Now global financial markets have been placid this year with volatility at record lows in many bourses. And yet events have been pulling the string attached to the brick very hard.

We have had rising US interest rates, very high oil prices, falling consumer demand in some countries, falling house prices in the UK and Australia, and two hurricanes in the southern USA.

Some analysts choose to see the passive response of financial markets to these events as an indicator that financial markets have become very resilient, and even above such unfortunate realities.
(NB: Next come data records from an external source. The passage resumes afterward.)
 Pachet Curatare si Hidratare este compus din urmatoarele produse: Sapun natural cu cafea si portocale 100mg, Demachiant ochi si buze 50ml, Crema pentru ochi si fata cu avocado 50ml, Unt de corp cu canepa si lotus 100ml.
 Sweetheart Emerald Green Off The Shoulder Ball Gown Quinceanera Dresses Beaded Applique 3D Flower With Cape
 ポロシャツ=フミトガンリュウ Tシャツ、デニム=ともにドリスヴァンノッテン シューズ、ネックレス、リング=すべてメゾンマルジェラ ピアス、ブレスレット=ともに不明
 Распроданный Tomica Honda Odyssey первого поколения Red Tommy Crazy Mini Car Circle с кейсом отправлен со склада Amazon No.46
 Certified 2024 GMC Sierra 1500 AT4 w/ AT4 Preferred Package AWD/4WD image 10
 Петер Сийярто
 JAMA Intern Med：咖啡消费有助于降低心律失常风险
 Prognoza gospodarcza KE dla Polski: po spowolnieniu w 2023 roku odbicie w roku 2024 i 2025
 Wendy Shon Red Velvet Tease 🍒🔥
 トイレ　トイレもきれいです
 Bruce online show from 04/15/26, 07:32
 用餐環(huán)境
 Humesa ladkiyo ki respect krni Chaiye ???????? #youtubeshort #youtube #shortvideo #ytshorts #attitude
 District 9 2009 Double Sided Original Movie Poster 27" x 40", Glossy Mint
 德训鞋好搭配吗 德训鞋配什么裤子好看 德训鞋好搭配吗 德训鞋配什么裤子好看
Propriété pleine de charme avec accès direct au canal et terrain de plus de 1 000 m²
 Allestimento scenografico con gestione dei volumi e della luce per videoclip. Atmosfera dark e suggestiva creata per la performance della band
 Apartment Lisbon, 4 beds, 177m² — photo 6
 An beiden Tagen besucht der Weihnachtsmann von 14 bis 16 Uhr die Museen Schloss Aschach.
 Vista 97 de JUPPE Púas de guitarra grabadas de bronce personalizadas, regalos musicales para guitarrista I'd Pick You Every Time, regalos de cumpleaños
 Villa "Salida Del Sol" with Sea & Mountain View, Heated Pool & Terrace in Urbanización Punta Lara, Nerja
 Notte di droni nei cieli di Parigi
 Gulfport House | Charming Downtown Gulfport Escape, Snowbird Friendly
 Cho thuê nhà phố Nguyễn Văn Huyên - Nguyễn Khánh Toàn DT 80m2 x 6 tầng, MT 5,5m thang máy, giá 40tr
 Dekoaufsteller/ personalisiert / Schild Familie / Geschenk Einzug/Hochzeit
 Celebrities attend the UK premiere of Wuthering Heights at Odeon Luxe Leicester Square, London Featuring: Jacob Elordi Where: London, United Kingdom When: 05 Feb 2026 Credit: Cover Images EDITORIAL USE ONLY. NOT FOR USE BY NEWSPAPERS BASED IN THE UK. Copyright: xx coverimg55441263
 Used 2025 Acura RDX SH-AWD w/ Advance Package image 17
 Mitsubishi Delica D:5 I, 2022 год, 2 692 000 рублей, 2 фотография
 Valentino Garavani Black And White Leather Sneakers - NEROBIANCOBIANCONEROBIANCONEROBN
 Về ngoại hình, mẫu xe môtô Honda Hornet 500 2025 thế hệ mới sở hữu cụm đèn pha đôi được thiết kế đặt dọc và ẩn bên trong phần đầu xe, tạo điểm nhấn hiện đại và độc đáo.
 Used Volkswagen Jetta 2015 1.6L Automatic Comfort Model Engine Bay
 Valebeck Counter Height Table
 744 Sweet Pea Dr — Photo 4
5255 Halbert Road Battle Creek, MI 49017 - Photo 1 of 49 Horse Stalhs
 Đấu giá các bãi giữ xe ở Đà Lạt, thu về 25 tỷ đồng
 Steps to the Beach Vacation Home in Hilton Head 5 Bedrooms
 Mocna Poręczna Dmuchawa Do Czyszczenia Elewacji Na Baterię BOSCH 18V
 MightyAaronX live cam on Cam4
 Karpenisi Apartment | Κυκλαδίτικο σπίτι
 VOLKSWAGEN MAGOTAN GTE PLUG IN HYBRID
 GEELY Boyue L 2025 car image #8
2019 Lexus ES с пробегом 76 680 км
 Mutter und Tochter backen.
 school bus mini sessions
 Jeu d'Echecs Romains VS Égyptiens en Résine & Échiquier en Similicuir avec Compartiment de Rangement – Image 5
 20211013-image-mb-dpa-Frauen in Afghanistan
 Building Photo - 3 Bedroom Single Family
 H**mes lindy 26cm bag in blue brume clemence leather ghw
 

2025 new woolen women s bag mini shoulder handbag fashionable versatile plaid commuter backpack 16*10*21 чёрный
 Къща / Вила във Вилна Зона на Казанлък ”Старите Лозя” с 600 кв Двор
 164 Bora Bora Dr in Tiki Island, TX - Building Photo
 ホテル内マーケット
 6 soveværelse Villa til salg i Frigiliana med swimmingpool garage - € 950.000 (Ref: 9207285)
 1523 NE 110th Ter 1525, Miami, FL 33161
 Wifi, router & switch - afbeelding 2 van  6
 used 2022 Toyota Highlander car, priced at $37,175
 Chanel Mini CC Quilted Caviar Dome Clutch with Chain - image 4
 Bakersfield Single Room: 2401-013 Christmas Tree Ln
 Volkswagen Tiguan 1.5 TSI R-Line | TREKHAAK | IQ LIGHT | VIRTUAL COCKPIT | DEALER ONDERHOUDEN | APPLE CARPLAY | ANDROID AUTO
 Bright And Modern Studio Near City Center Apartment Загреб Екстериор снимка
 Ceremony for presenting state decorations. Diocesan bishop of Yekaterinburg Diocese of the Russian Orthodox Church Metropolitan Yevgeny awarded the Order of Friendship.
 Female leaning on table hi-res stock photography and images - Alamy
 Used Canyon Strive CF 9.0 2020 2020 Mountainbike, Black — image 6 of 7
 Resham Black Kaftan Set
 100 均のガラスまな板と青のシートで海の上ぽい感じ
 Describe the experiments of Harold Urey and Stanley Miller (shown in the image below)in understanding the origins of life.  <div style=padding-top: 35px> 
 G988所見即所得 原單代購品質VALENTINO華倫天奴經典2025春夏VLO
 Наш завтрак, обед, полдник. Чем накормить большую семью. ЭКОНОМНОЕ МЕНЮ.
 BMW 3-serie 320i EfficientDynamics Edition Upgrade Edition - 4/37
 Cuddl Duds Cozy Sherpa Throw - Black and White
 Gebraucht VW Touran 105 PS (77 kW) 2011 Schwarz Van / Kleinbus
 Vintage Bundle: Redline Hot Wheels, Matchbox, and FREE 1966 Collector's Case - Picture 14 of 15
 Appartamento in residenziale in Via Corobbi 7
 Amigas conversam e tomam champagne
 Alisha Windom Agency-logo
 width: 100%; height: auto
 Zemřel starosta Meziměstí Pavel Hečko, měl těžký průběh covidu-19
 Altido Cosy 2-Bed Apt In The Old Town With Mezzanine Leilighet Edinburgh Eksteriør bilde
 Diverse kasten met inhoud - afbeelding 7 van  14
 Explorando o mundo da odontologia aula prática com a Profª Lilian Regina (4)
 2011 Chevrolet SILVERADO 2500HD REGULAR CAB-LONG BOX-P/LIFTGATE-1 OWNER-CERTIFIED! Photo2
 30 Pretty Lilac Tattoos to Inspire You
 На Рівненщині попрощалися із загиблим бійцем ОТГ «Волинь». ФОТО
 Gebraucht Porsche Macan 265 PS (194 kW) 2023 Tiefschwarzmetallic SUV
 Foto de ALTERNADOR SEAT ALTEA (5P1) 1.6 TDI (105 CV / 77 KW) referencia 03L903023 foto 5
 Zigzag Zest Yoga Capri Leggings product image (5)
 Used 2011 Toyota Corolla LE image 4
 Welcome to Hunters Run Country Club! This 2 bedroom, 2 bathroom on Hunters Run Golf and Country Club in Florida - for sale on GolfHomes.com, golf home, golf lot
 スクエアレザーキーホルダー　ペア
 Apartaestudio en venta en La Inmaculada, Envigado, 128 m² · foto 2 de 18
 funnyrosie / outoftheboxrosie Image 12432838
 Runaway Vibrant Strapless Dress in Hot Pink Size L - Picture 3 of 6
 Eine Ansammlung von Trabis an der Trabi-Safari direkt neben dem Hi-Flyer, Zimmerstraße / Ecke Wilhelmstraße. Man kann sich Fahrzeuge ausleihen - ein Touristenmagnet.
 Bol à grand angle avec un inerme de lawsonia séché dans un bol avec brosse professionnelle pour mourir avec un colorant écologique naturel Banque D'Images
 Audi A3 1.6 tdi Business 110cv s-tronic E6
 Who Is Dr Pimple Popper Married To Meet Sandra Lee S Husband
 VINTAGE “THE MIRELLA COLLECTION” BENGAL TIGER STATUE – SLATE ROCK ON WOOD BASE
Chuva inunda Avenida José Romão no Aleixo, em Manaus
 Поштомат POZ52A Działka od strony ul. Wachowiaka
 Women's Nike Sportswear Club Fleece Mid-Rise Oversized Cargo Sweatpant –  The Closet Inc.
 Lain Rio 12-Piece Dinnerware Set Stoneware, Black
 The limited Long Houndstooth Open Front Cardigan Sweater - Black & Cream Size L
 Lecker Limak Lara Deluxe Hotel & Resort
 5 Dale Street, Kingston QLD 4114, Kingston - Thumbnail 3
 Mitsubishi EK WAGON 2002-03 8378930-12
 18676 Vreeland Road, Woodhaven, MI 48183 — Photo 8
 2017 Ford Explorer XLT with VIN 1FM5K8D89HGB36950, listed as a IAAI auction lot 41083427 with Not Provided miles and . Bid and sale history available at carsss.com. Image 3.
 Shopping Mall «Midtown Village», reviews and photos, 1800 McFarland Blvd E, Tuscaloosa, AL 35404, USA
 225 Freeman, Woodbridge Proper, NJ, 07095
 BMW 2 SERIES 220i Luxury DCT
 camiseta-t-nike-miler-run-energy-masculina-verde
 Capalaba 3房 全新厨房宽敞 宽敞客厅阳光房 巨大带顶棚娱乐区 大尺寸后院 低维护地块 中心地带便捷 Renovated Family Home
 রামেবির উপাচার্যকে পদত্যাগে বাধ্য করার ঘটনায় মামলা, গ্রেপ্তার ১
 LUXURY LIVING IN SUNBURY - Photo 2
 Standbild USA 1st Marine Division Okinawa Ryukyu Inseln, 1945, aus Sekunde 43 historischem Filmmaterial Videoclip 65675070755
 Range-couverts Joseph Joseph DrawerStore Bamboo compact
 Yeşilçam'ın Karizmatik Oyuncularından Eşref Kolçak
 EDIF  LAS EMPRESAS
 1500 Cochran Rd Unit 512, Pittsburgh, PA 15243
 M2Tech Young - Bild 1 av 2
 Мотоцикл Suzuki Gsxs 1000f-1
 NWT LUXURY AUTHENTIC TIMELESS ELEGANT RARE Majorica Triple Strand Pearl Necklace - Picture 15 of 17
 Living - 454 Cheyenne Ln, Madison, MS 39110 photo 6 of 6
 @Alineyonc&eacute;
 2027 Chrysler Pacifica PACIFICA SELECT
But like the Ostrich that sticks its head in the sand when faced with danger, just because you refuse to see it does not mean that the danger is not there. For asset prices must always reflect the real outlook for future earnings, and it is hard to be terribly optimistic at the moment.

Consumer is king

Consumer demand is what drives the modern economies of the world, and it is consumer demand that is coming under pressure. Whether that is the 25% collapse in General Motors' sales in September, or the stalled housing market in the UK, or a 22-year low in UK high street sales, you are hard pushed to find anything worth cheering about.

For consumers now have less in their pockets to spend, thanks to high energy prices and rising interest rates, and have finally started to pay off their huge debts. Whether this turns into a recession or not it will certainly have a big impact on company profits and therefore share prices and also real estate.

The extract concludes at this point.